* Assignment *
Omit all pictures, then repeat the listing exactly.

* Source material *
....................

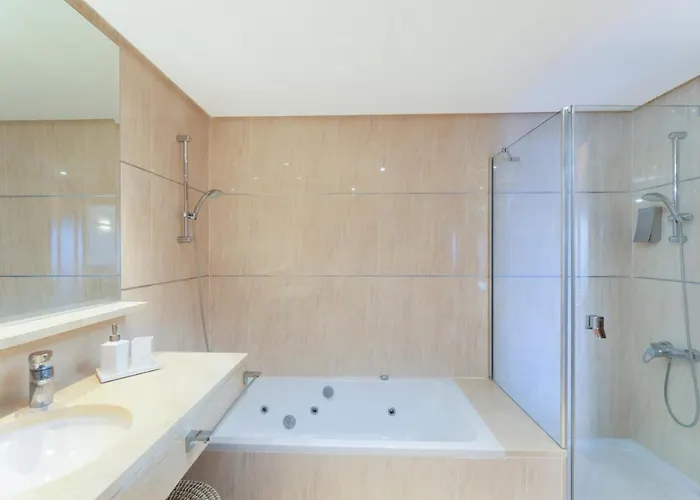 La Ola Appartement Tazacorte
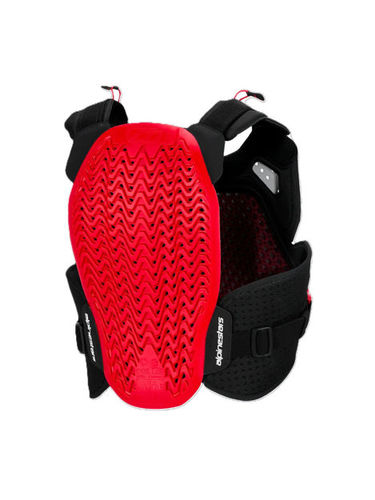 מגן גוף (צבי צב) Alpinestars A-4 Plasma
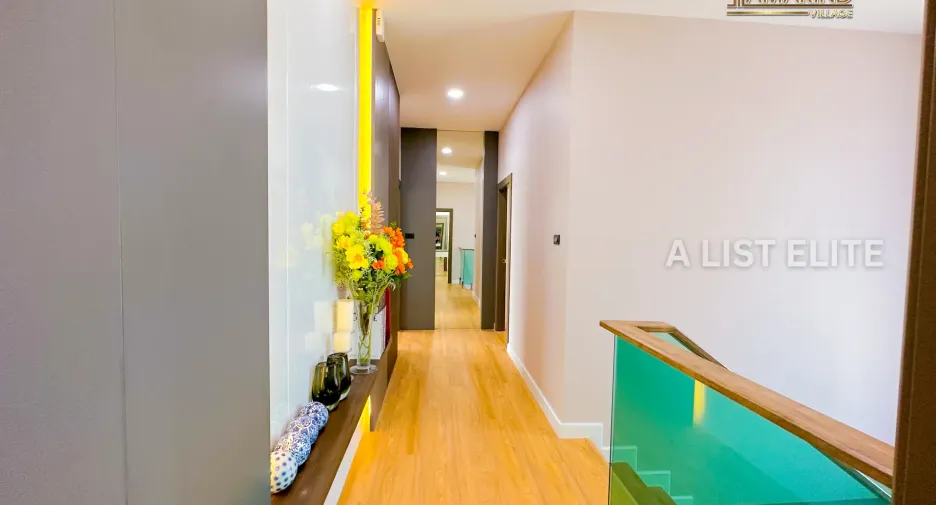 Haus zum Kauf mit 4 Zimmer in Bang Lamung, Chonburi
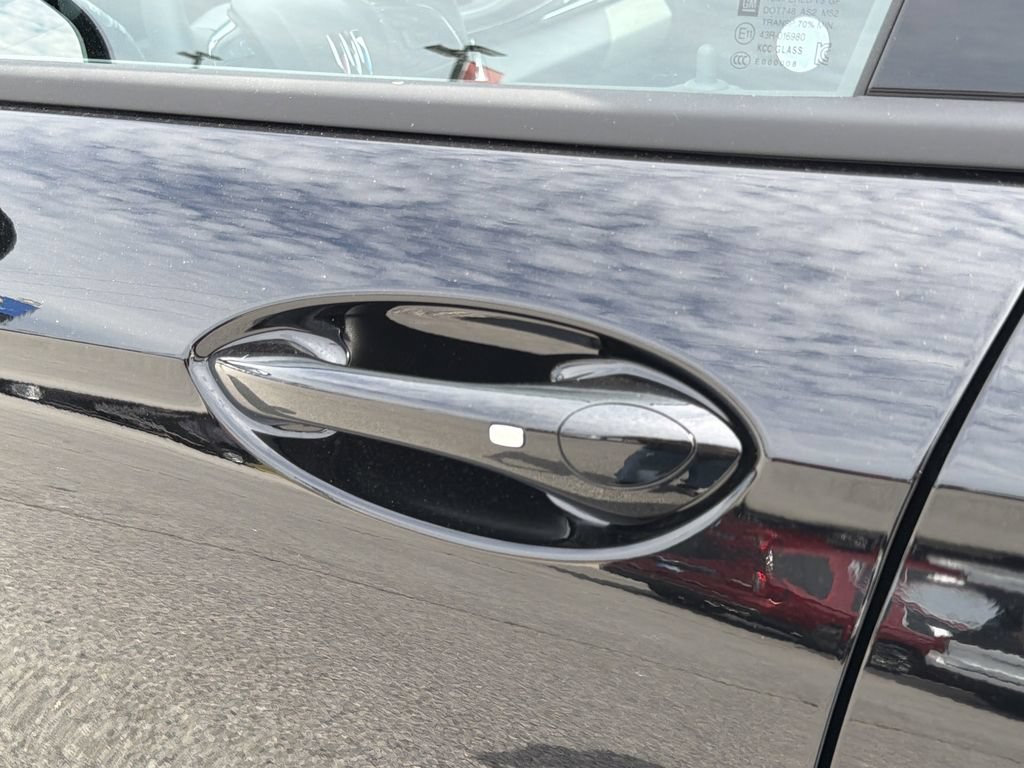 New 2026 Buick Envista Sport Touring w/ Convenience I Package FWD image 28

....................

* Answer space *
 La Ola Appartement Tazacorte
 מגן גוף (צבי צב) Alpinestars A-4 Plasma
 Haus zum Kauf mit 4 Zimmer in Bang Lamung, Chonburi
 New 2026 Buick Envista Sport Touring w/ Convenience I Package FWD image 28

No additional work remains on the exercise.